Few questions regarding the DSEengine
Hello Miasm !
First of all, thanks for this wonderful project, I use it almost every day and I wanted to say to you that the more I understand/discover it, the more I love it.
I've got a couple of questions regarding the DSEengine.
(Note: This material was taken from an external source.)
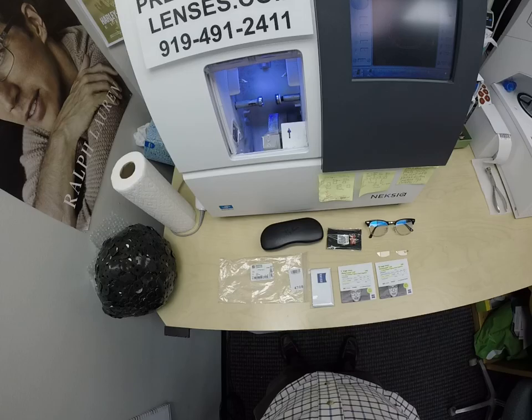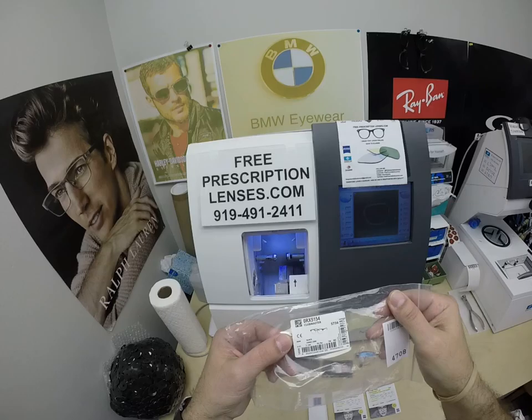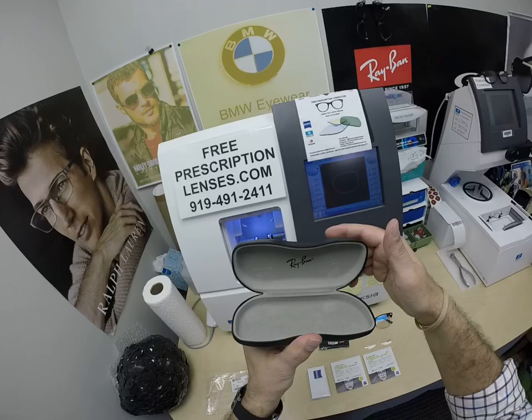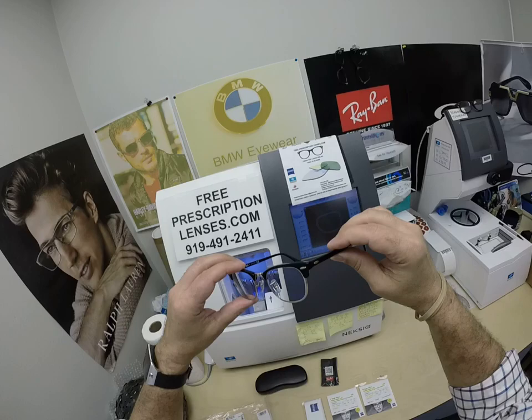I want to show you Mark's Ray-Ban 5154. This is the Ophthalmic Clubmaster, color 2000, the classic shiny black in the 51 eye size. The Ophthalmic Ray-Ban frame comes with the hard shell Ray-Ban case, the Ray-Ban cleaning cloth, the original demo lenses, and this is the star of the show — the main attraction.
I wrote this small shellcode:
nop
mov eax, 0x12345678
add eax, 0xc
xor eax, 0x89abcdef
mov dword ptr [esp - 4], eax
nop
And I used it with the DSEengine in this small example of code:
from miasm.core.interval import interval
from miasm.core.bin_stream import bin_stream_str
from miasm.analysis.dse import DSEEngine
from miasm.analysis.machine import Machine
from miasm.jitter.csts import PAGE_READ, PAGE_WRITE, PAGE_EXEC
from miasm.expression.simplifications import expr_simp
from miasm.expression.expression import ExprId, ExprInt, ExprMem, ExprAff, ExprAssign
def stop(jitter):
return False
bs = bytes.fromhex("90 B8 78 56 34 12 83 C0 0C 35 EF CD AB 89 89 44 24 FC 90".replace(" ",""))
machine = Machine("x86_32")
jitter = Machine("x86_32").jitter()
jitter.vm.add_memory_page(0, PAGE_READ | PAGE_WRITE | PAGE_EXEC, bs)
jitter.add_breakpoint(0x12, stop)
jitter.set_trace_log()
jitter.init_stack()
dse = DSEEngine(machine)
dse.attach(jitter)
dse.update_state_from_concrete()
it = interval([(jitter.cpu.ESP - 0x10, jitter.cpu.ESP)])
dse.symbolize_memory(it)
SYMB_EAX = ExprId("SYMB_EAX", 32)
state = {
ExprId("EAX", 32): SYMB_EAX,
}
dse.update_state(state)
jitter.run(0)
eax = dse.eval_expr(ExprId("EAX", 32))
stack = dse.eval_expr(ExprMem(ExprId("ESP", 32) - ExprInt(4, 32), 32))
print('EAX = {}, stack = {}'.format(eax, stack))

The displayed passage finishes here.